Energy comparison between SRAM and STT-MRAM

Figure 2:  Energy comparison between SRAM and STT-MRAM for varying sizes

 

Unfortunately, the technology turned out inadequate to expand operation into the faster, lower-level caches (L1/L2). First, the write process is still relatively inefficient and long compared to SRAM, posing an inherent limitation to the switching speed (not faster than 5ns). Second, speed gains would require an increase of the current flowing through the MTJ, hence through the thin dielectric barrier. This imposes a severe stress and leads to a reduced endurance of the device. These reliability issues in combination with increased energy at fast switching speeds make STT-MRAM memories ineligible for L1/L2 cache operation – which would require sub-ns switching speeds.

The semiconductor industry has therefore been looking for ways to get around these problems, resulting in new MRAM flavors. They all rely on the same mechanism for reading the bit cell (i.e., by measuring the TMR), but differ in the way the memory cell is written. Depending on the writing mechanism, these new flavors (discussed below) perform better in at least one of these metrics: reliability, speed, power and/or area consumption.

Besides exploring innovations on the architectural and material side, it is imec’s major role to make these MRAM flavors manufacturing friendly, by developing CMOS-compatible 300mm-based integration flows. Focus of the team is on MRAM-type of devices with perpendicular magnetization, since it presents much better scaling potential compared to in-plane magnetization technology.

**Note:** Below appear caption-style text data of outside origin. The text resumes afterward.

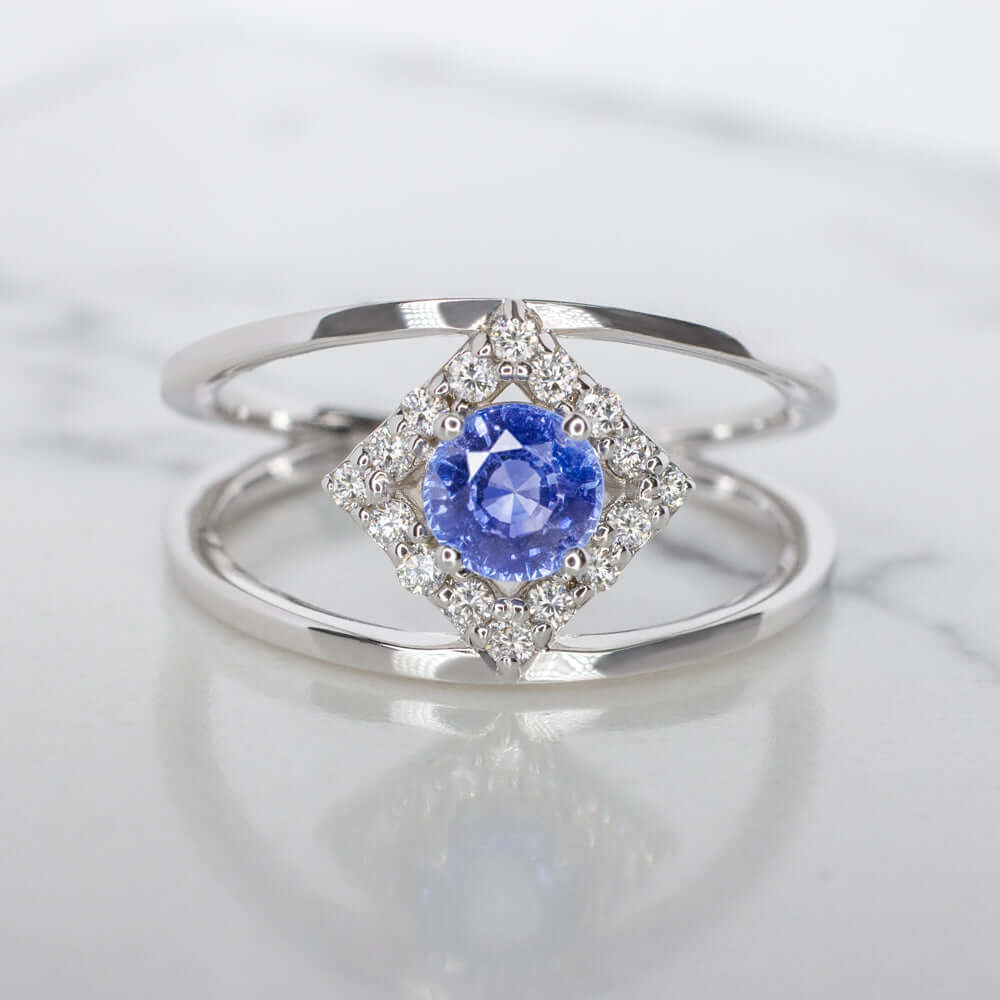 BLUE SAPPHIRE DIAMOND COCKTAIL RING GEOMETRIC MODERN DOUBLE BAND 14K WHITE GOLD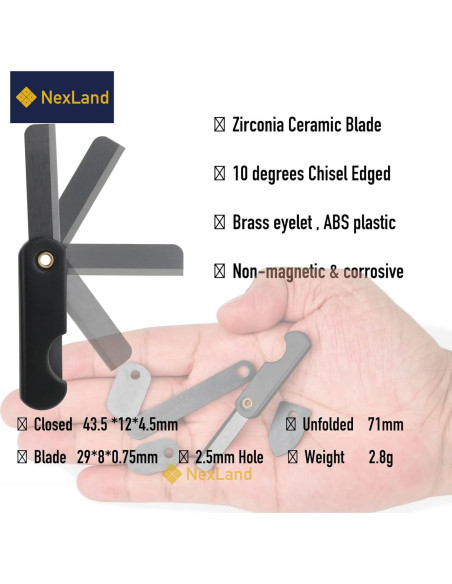 Cuchilla Plegable Cerámica NexLand CK1 Micro EDC 7.1cm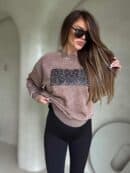 Dekatyzowana bluza KORONKA - ciemny beż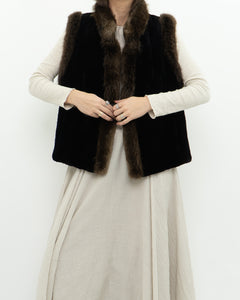 Vintage x CM FURS Black, Brown Fur Vest (XS-M)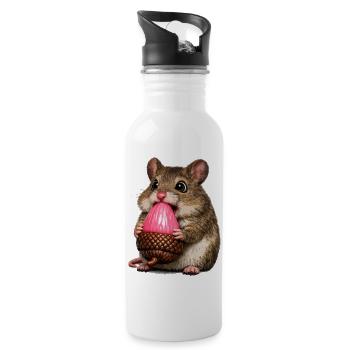 Souris des bois avec un gland rose - Gourde avec paille intégrée - blanc - Droite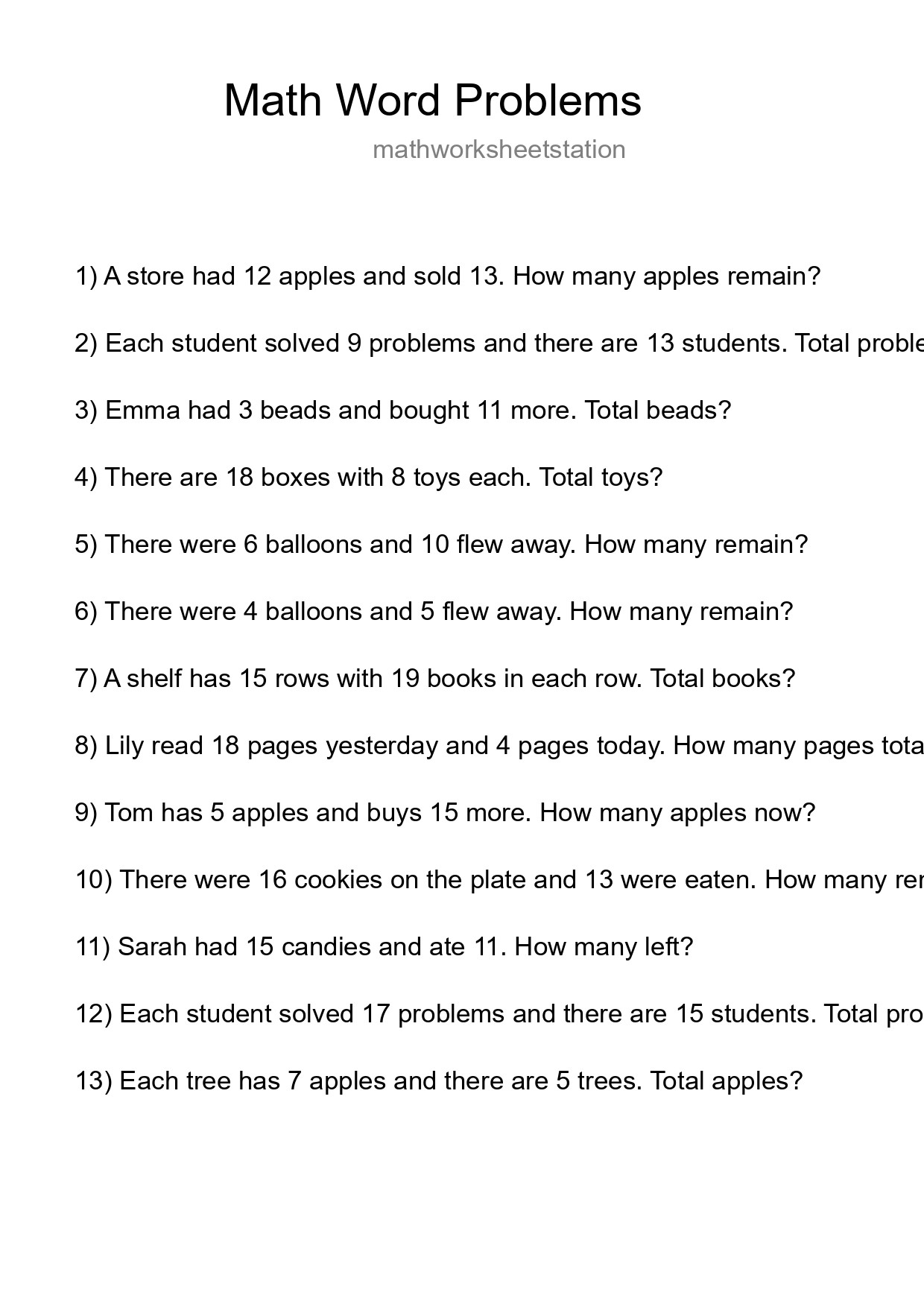 Math Word Problem Worksheet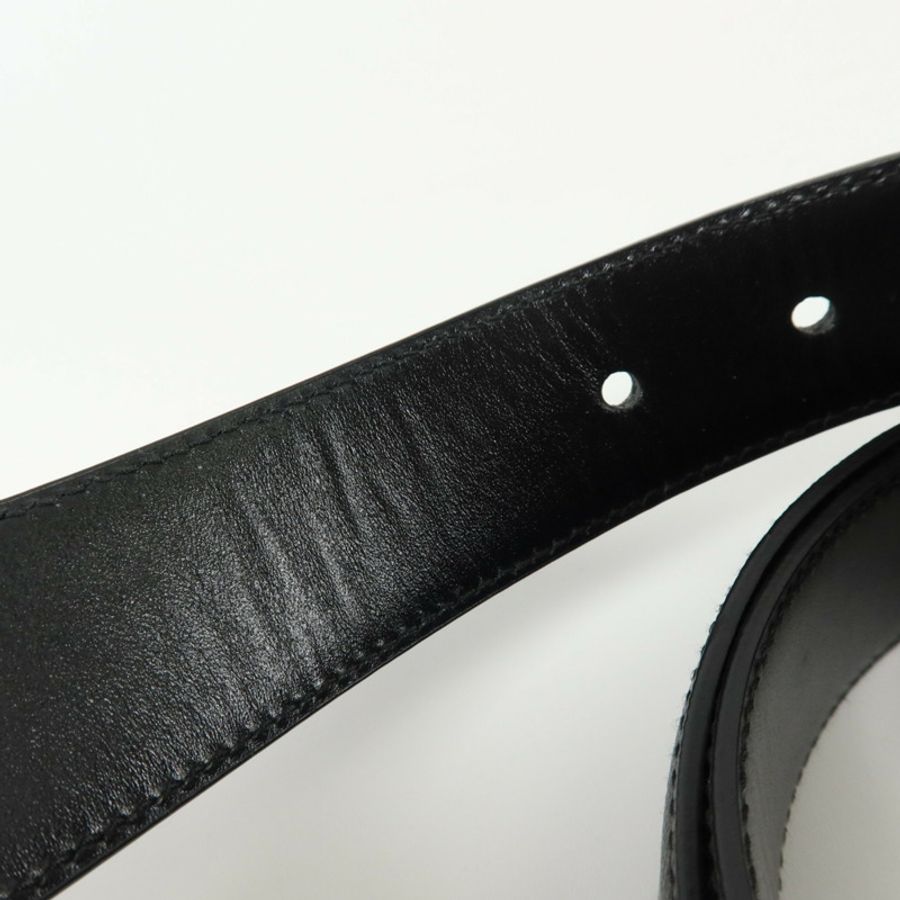 PRADA Saffiano皮革Triangle Saffiano Leather Belt 90cm銀扣皮帶-6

SOT-MRAM: reliable, fast, energy-friendly, but large

From architectural point of view, the main difference between STT- and spin-orbit torque (SOT)-MRAM devices lies in the current injection geometry. In an STT-MRAM device, the current needed to write the memory is injected perpendicularly into the MTJ. For SOT-MRAM, current injection is performed in-plane, in an adjacent SOT layer – typically a heavy metal. In physics terms, switching the free layer now relies on the transfer of the orbital angular momentum from the heavy metal’s electron to the magnetic storage layer – further assisted by the Hall effect and Rashba interaction. The main advantage? Because of the current injection geometry, the read and write path are now de-coupled, significantly improving the device endurance and read stability. It also removes the switching delay that was inherently present in the STT-MRAM device.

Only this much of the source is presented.